Reproduce word for word every line from the one containing "Miriam Politi_La piazzetta" to the final line of the data below; omit the pictures.

START Data segment

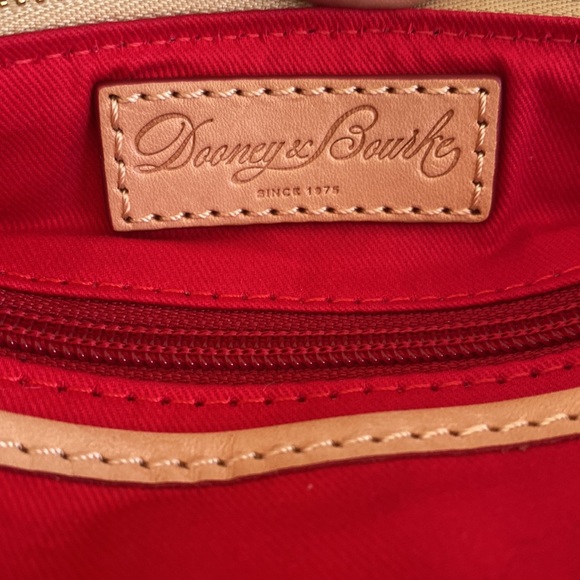 DOONEY & BOURKE 🩷FUCHSIA PINK & WHITE🤍 STRIPED BARREL SHOULDER BAG🩷LIKE NEW🤍 - Picture 11 of 17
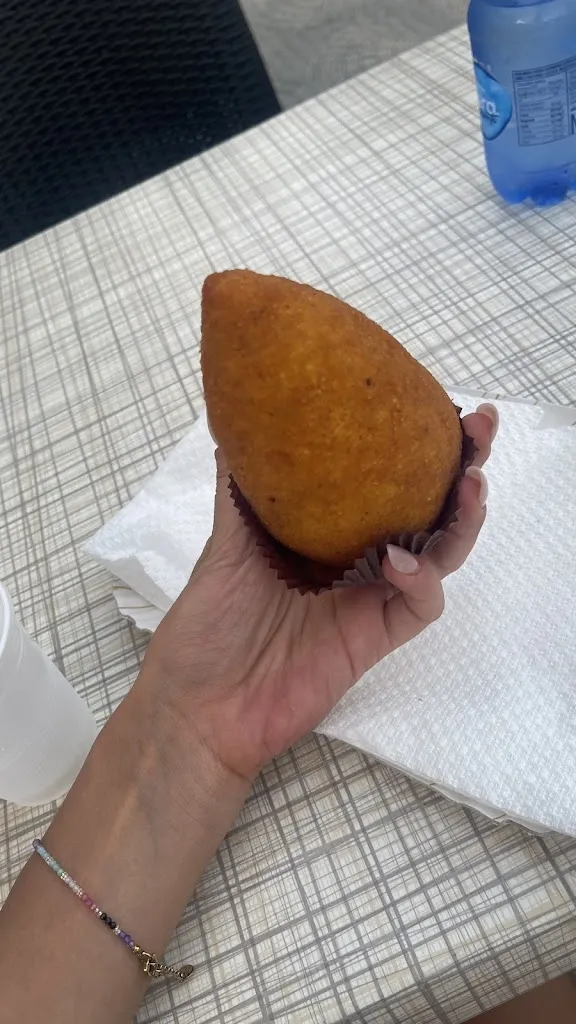 Miriam Politi_La piazzetta delle bontà_Noto_review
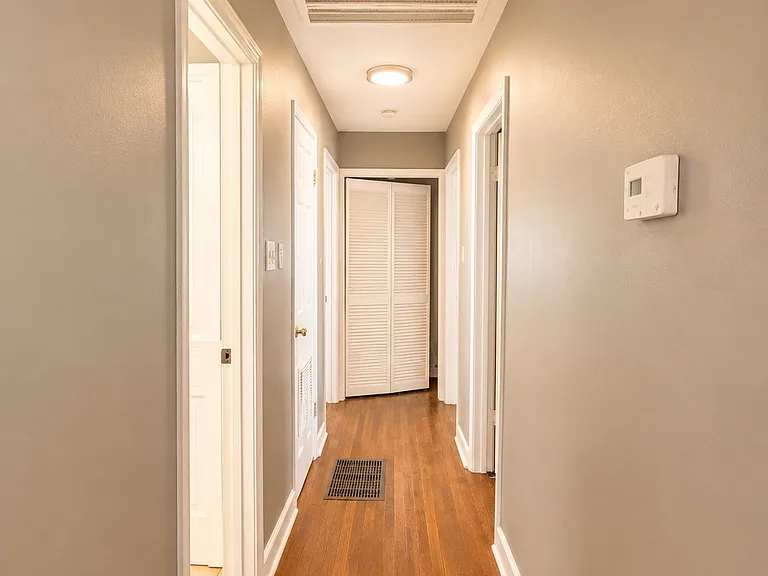 1641 Woodburn St — Photo 10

END Data segment

-- Exercise result --
 Miriam Politi_La piazzetta delle bontà_Noto_review
 1641 Woodburn St — Photo 10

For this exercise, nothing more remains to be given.